Moscow’s intervention following Georgia’s offensive to retake South Ossetia in early August and the subsequent recognition of the two breakaway regions’ independence were its moral duty and necessary to protect them from possible new acts of aggression, Lavrov said.
But the majority of Western states have sided with Tbilisi in the dispute, and strongly criticize Russia.
Lavrov said Russia is committed to its mediation efforts in disputes between Moldova and its breakaway Transdnestr Region, mainly populated by ethnic Russia’s and Ukrainians, and Armenia-Azerbaijan talks for the settlement of the Nagorno-Karabakh conflict.
"Russia will actively promote a peaceful solution to all the conflicts in the CIS [Commonwealth of Independent States] in line with international law and UN Charter principles," he said. "We will pursue our mediation in peace talks, including over Transdnestr and NagornooKarabakh."
"None of the sides engaged in the Karabakh and Transdnestr talks have nurtured plans to violate international law, existing agreemen’s, the settlement format and to bomb civilians and peacekeepers," Lavrov said.
Russia, which is a co-chair in the OSCE Minsk Group mediating the Nagorno-Karabakh conflict, has maintained peacekeepers in all the conflict zones since the conflicts broke out there after the collapse of the Soviet Union.
Russia’signed formal cooperation treaties with Abkhazia and South Ossetia on Wednesday promising military and economic aid to the regions.
Russia’s President, Dmitri Medvedev met with his Azeri counterpart, Ilham Aliyev on Tuesday where he proposed a package of peace initiatives for s settlement of the Nagorno Karabakh conflict. According to the Russian Kommersant daily, Medvedev was expected to offer Aliyev a set of energy proposals in order to guarantee that Baku will steer clear of Western political and energy games.
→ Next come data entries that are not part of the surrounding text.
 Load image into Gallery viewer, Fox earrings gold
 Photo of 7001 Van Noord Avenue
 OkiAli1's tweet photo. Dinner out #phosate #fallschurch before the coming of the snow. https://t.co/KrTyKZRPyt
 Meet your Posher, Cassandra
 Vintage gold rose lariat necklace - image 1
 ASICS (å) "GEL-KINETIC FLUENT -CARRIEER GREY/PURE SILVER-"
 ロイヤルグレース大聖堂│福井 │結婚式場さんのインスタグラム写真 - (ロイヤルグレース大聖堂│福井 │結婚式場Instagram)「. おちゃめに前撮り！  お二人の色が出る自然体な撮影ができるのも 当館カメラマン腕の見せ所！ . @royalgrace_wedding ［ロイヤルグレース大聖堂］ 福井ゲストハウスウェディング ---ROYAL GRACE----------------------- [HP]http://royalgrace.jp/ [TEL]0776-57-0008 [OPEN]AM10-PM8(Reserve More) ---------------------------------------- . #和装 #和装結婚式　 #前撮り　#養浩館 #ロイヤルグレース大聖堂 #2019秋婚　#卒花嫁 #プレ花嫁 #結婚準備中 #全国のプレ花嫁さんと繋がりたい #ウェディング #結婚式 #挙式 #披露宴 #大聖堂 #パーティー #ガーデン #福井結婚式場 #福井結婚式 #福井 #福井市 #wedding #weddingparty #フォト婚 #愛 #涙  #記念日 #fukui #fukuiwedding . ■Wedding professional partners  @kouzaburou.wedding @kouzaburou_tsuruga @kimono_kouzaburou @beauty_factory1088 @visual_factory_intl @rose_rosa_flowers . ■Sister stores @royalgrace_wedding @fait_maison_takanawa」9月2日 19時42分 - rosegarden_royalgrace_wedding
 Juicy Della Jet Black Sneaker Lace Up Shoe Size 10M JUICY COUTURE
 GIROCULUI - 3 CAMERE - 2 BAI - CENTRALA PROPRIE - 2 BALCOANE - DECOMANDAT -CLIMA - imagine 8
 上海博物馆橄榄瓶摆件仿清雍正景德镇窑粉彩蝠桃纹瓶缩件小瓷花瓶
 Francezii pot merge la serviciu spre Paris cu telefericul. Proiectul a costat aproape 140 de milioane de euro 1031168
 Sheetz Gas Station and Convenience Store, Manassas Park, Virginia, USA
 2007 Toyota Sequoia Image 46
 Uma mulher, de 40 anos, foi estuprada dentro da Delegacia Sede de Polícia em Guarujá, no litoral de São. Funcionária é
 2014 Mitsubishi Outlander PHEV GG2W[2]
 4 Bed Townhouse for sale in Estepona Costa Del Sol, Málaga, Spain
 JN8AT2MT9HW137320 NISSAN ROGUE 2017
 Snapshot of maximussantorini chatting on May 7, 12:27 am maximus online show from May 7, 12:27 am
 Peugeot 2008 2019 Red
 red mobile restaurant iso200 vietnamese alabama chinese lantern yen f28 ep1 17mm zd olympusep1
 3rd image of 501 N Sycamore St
It said that source in the Russian Foreign Ministry involved in Tuesday’s negotiations said openly that Moscow would like a firm guarantee from Baku that it will not consider a military option in resolving the Karabakh problem, either before or after its October presidential elections. Azerbaijan has been threatening to recapture Karabakh by unleashing its oil-enriched military on the nascent republic.